2. Data Analysis and Atmospheric Model
 The model employed in this study is the National Centre for Atmospheric Research (NCAR) Community Atmosphere Model (CAM3), configured at T42 horizontal resolution (approximately 2.8° latitude-longitude) with 26 hybrid sigma-pressure vertical levels. For a detailed description of the model see Collins et al. . Four experiments consisting of a 50 member-ensemble were performed for 12 months, with an idealised +1°C warming anomaly imposed over different regions across the tropical Pacific (see Figure 1a). The SST anomalies were linearly damped to zero over a 10° latitude/longitude band; elsewhere the SST forcing is taken to be the climatological monthly mean. The control experiment is simply a 50 year integration forced by the 12-month climatology of global SST.
 The anomaly regions of Figure 1a were not selected to reflect the approximate position of anomalies associated with El Niño, La Niña and El Niño Modoki events. For instance, one could argue that a better idealised representation of a La Niña event would be a cooling in the eastern Pacific coupled with a warming in the west. Here, the locations merely span the zonal extent of the Pacific Ocean and provide a broad means of comparing the resultant atmospheric circulation and rainfall impacts associated with warm SST anomalies in each region. The imposition of a +1°C warming anomaly is also highly idealised: for example, typical anomalies in the eastern Pacific can be of much larger magnitude than those in the west. Nonetheless, given the goal of this study is to better understand the impact of SST anomalies as a function of geographic location along the tropical Pacific, it is appropriate that a uniform SST anomaly be applied. Where possible, comparison will be made with the climate regime and atmospheric circulation observed during El Niño, La Niña, and El Niño Modoki events, but this is not the central goal of the study. Furthermore the focus of this paper is on austral summer, i.e., December, January and February (DJF), when South America experiences its monsoon season, and when warming events in the Pacific tend to have their greatest impact.

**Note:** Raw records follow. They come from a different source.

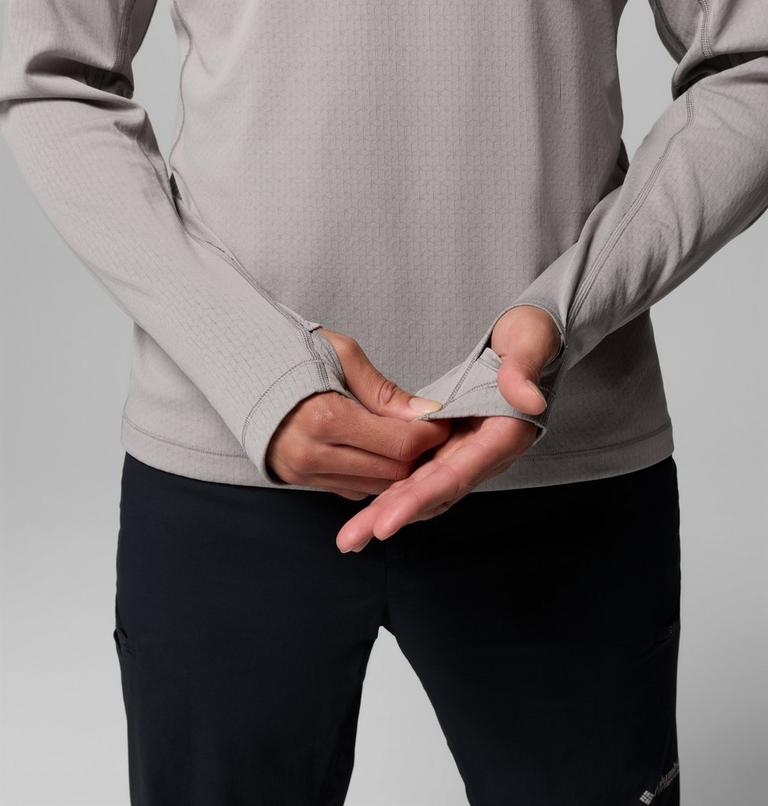 Men's DriVenture Technical Half Zip Long Sleeve T-Shirt, Color: Ti Titanium, image 7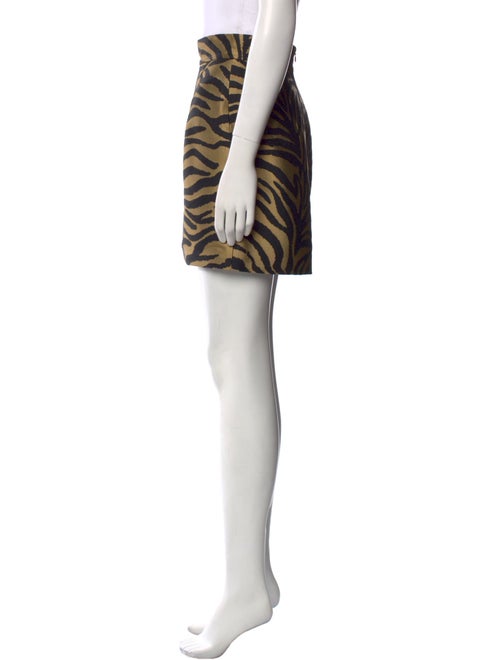 Khaite Animal Print Mini Skirt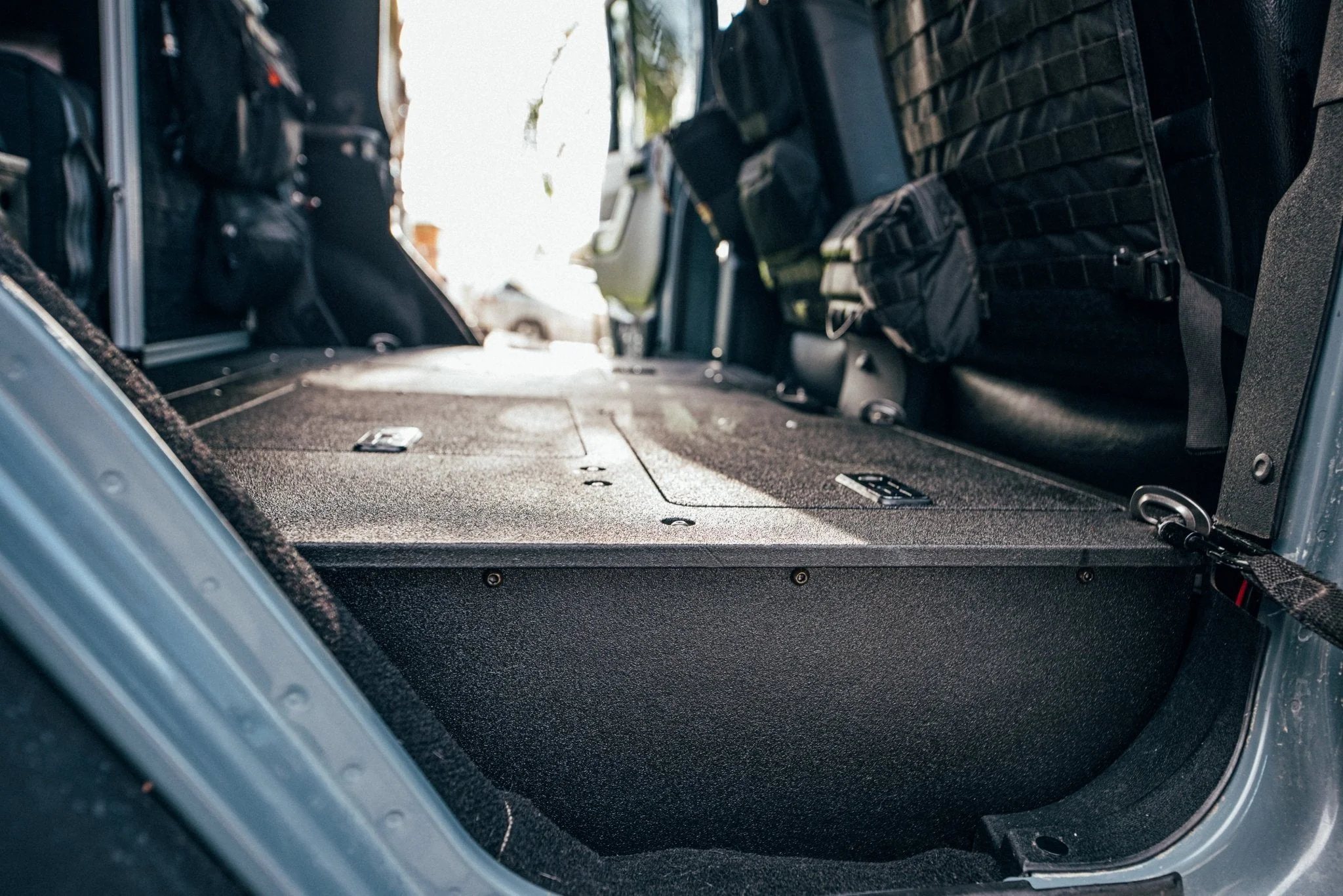 Jeep Wrangler 4 Door Second Row Seat Delete Plate System - Infill Panels - Image 2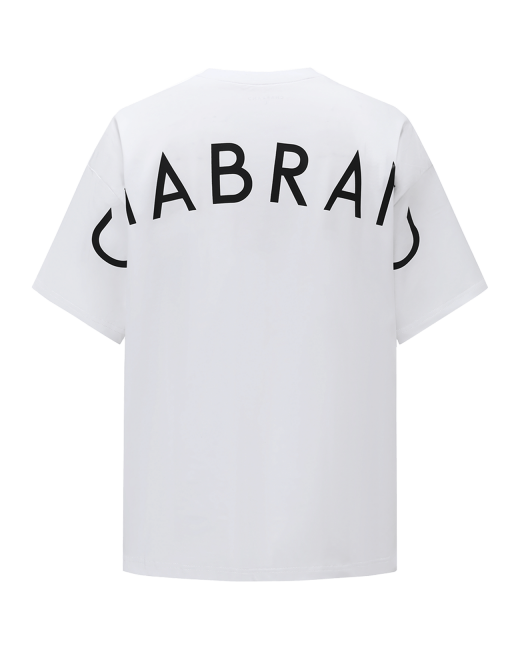 T-shirt col rond big logo -...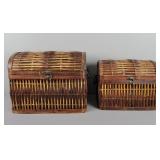2x The Bid Woven Storage Chest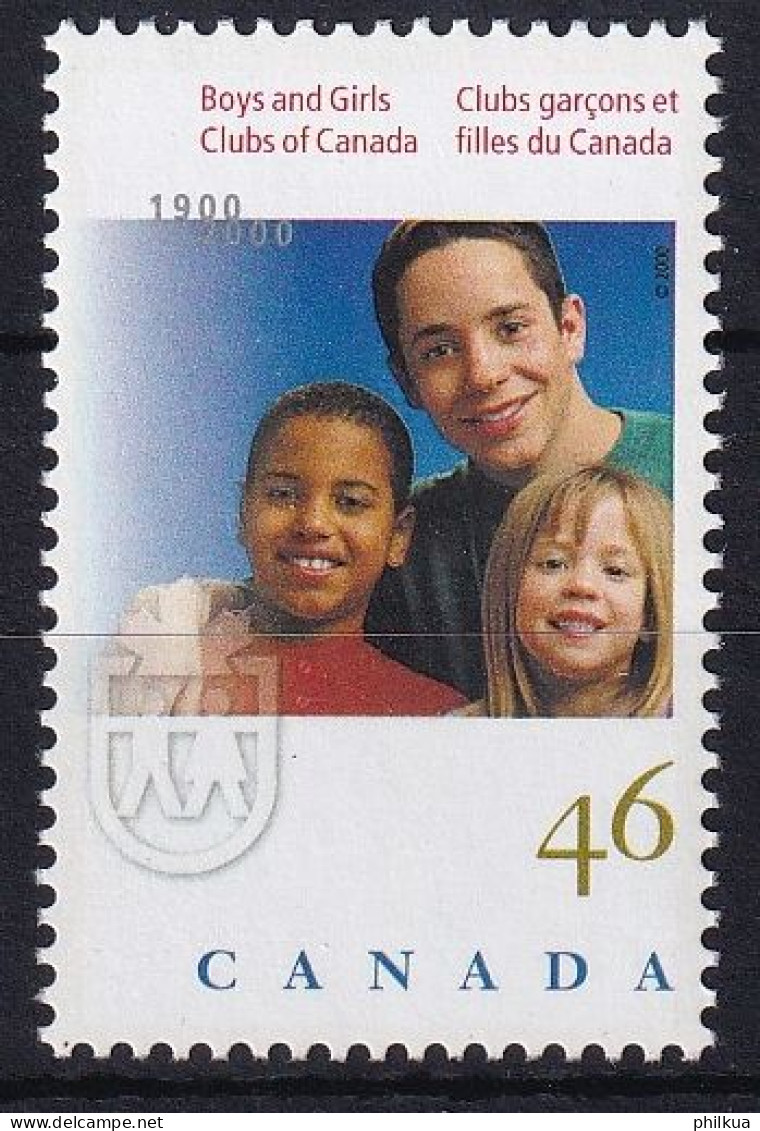 MiNr. 1923 Kanada (Dominion) 2000, 1. Juni. 100 Jahre Jungen- Und Mädchenklubs In Kanada - Postfrisch/**/MNH - Ungebraucht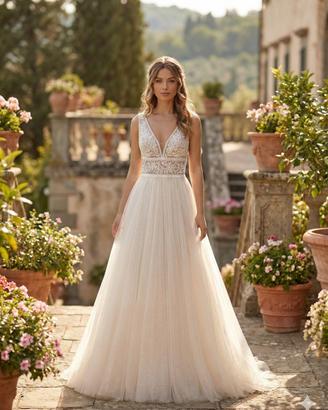 Abito da Sposa NICOLE MILANO (Romance) - Rosato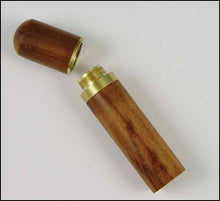 Load image into Gallery viewer, Wood and Brass Needle Holders
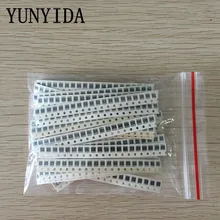 Kit de resistores smd 1210, kit sortido 1ohm-1m ohm 5% 33 valores esx 20 peças = 660 peças, kit diy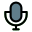 Microphone for audio amplification recording and for other purposes icon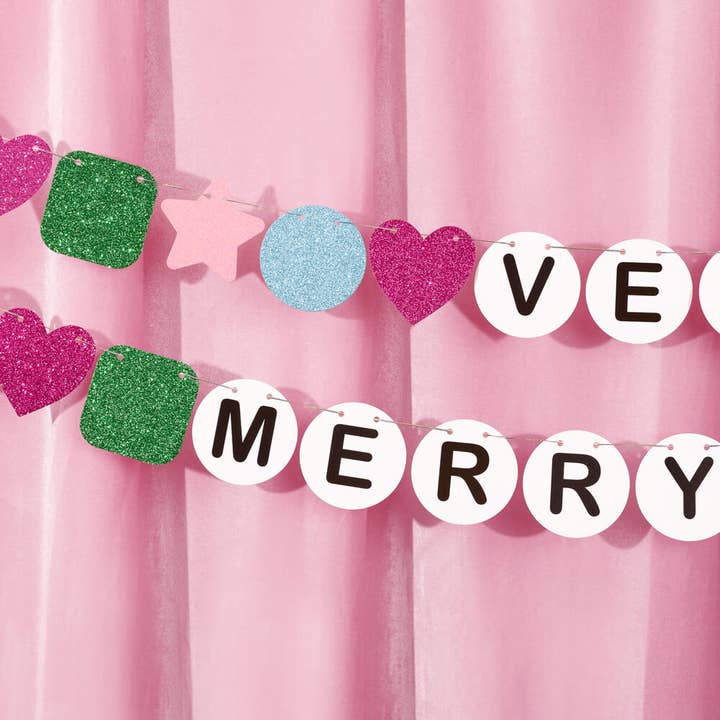 PRESALE: Very Merry Era Banner - Friendship Bracelet Banner Christmas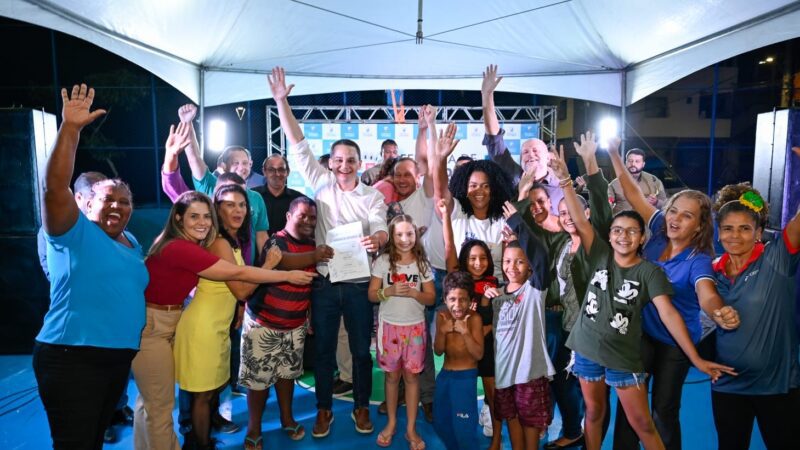 Nova Palestina recebe Pazolini com festa e terá novo campo de grama sintética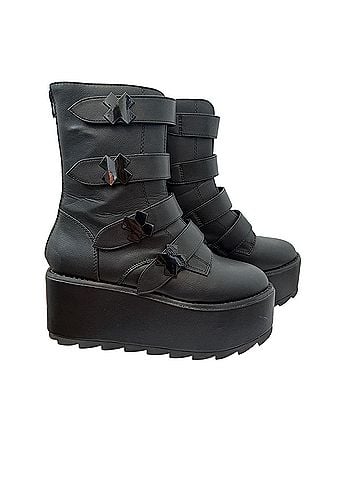 Dolls Kill Karma-X Blackout Boots (view 1)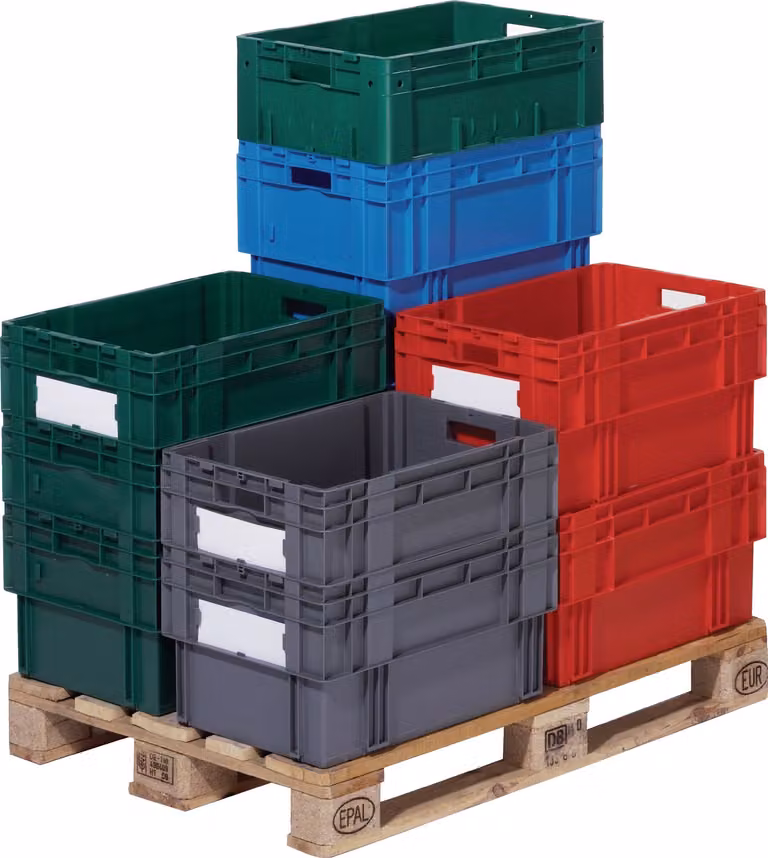 LA-KA-PE Contenitore girevole impilabile PP blu - DTK600/ 420-0 BLU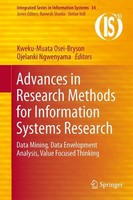 Advances In Research Methods For Information Systems Research: Data Mining,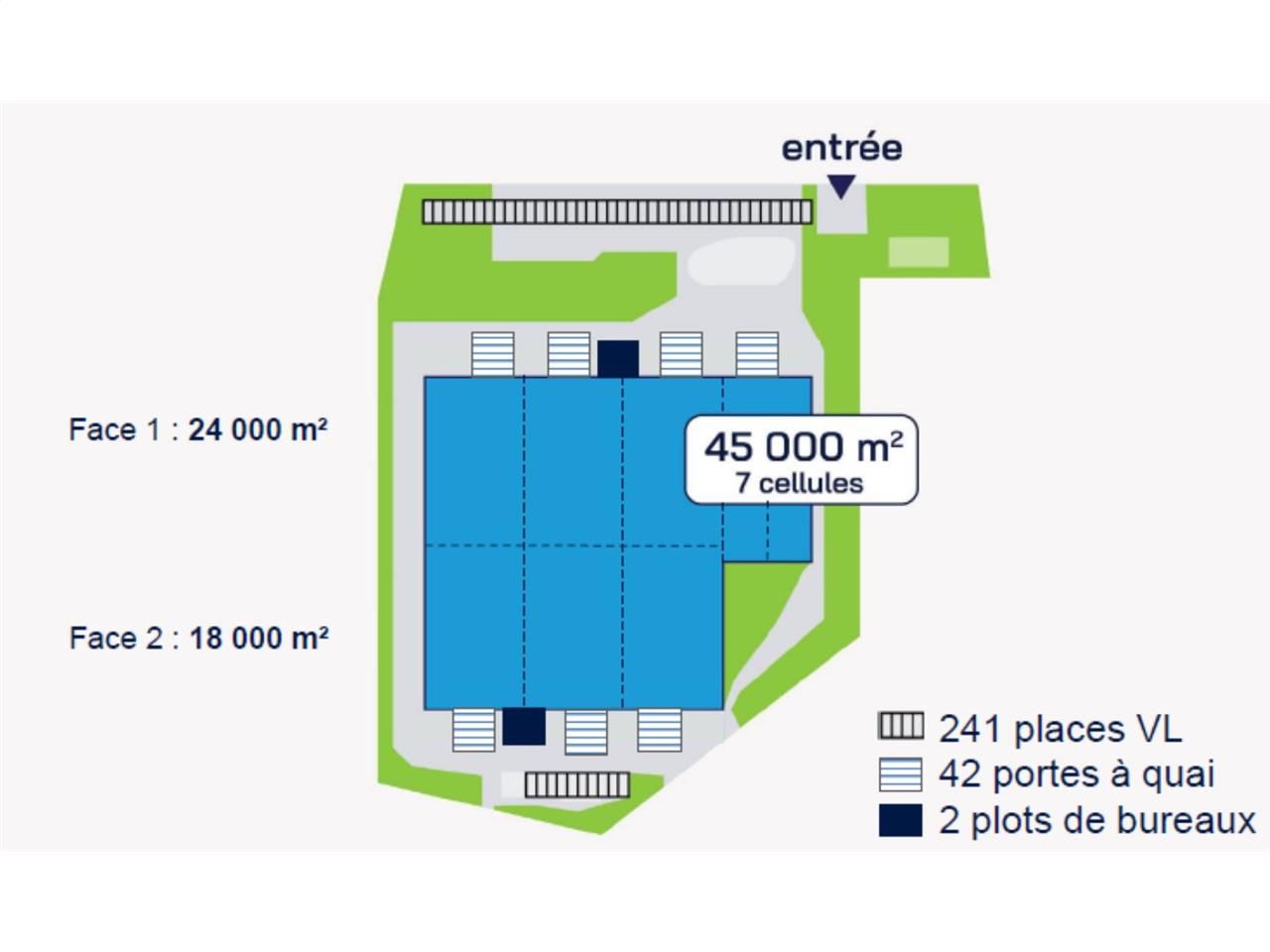 En bordure d'Ile-de-France Entrepôt neuf de class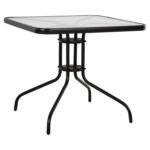 Αγόρασε ΤΡΑΠΕΖΙ ΕΞΩΤ.ΧΩΡΟΥ FIGO HM5972.03 ΜΕΤΑΛΛΟ ΜΑΥΡΟ-ΓΥΑΛΙΝΗ ΕΠΙΦΑΝΕΙΑ 80Χ80Χ71Υεκ σε μοναδική τιμή στο clickforshop.gr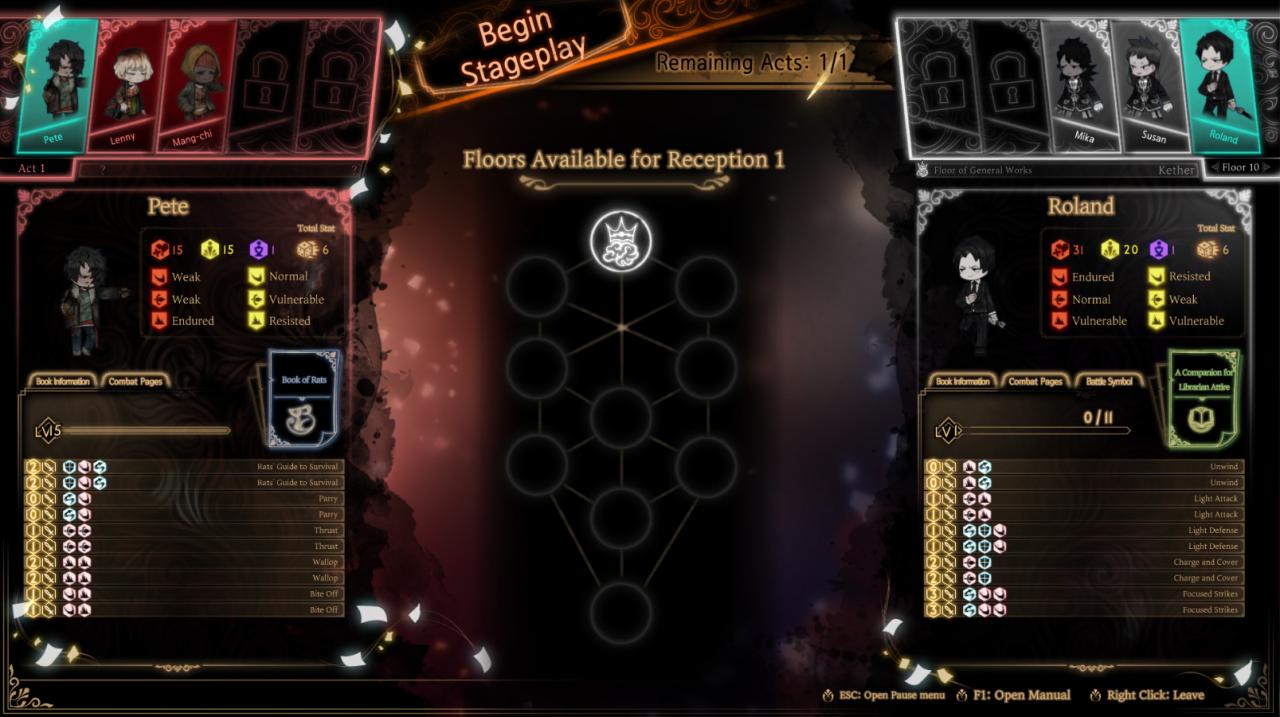 Library Of Ruina Steam Account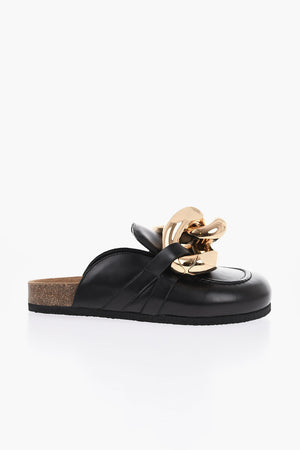 Mules in Pelle LOFFY con Maxi Catena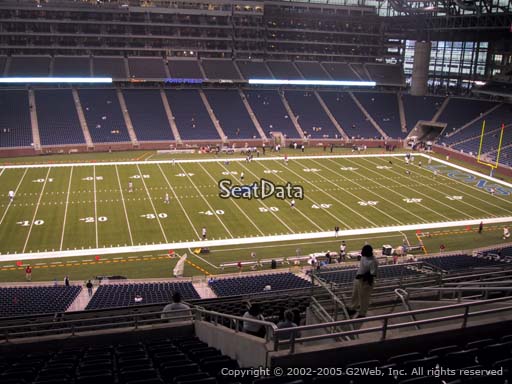 Seat view from section 329 at Ford Field, home of the Detroit Lions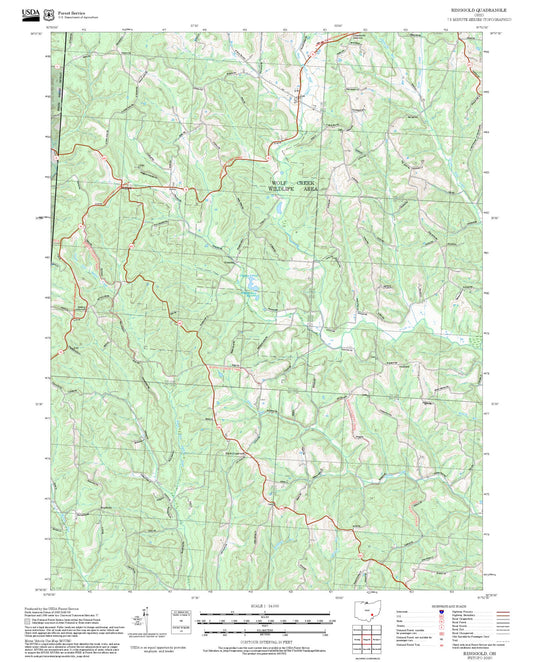 2025 Forest Service Topo Map of Ringgold Ohio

Figure 1b compares the simulated rainfall anomalies in the four ensemble experiments, averaged over the tropical Pacific (5°N–5°S), while the precipitation anomalies over South America are shown in Figures 1c–1f. The simulated moisture advection is illustrated through the vertically integrated moisture flux and convergence anomalies in Figures 1g–1j. The direct impact on the atmosphere from the tropical SST anomalies is examined via the Walker circulation, which is represented by the 200hPa velocity potential anomalies across the globe (Figure 2, left) and the vertical velocity anomalies across the tropics (Figure 2, right). The Southern Hemisphere low-level circulation anomalies are highlighted in Figure 3 (left), illustrating the 850hPa winds and sea level pressure (SLP) anomalies. The upper level circulation response is indicated by the 200hPa asymmetric streamfunction anomalies (Figure 3, right). As we are interested in both the direct forcing in the tropics (i.e., the Walker circulation anomalies) and the teleconnections into the subtropics (i.e., wave train anomalies) the following analysis will be stratified accordingly.
3.1. Tropical Response
 In the two western Pacific experiments (CWPAC and WPAC) there is reduced South American rainfall north of the equator and enhanced rainfall south to approximately 20°S (Figures 1c and 1d). These rainfall anomalies result from an enhanced summer-time circulation over the continent, i.e., from the southward progression of the summer monsoon into the Southern Hemisphere. This leaves the far north dry, while south of the Equator convection and precipitation increase, which is typical of La Niña conditions [Grimm, 2003]. The reduced rainfall north of the equator is associated with an anomalous anticyclonic circulation that leads to easterly flux and divergence of moisture over the continent, while to the south increased moisture in the monsoon region is advected to central and eastern South America by anomalous westerly moisture fluxes (Figures 1g and 1h). These westerly moisture flux anomalies result in increased available moisture over the Amazon basin and in the region where the SACZ forms.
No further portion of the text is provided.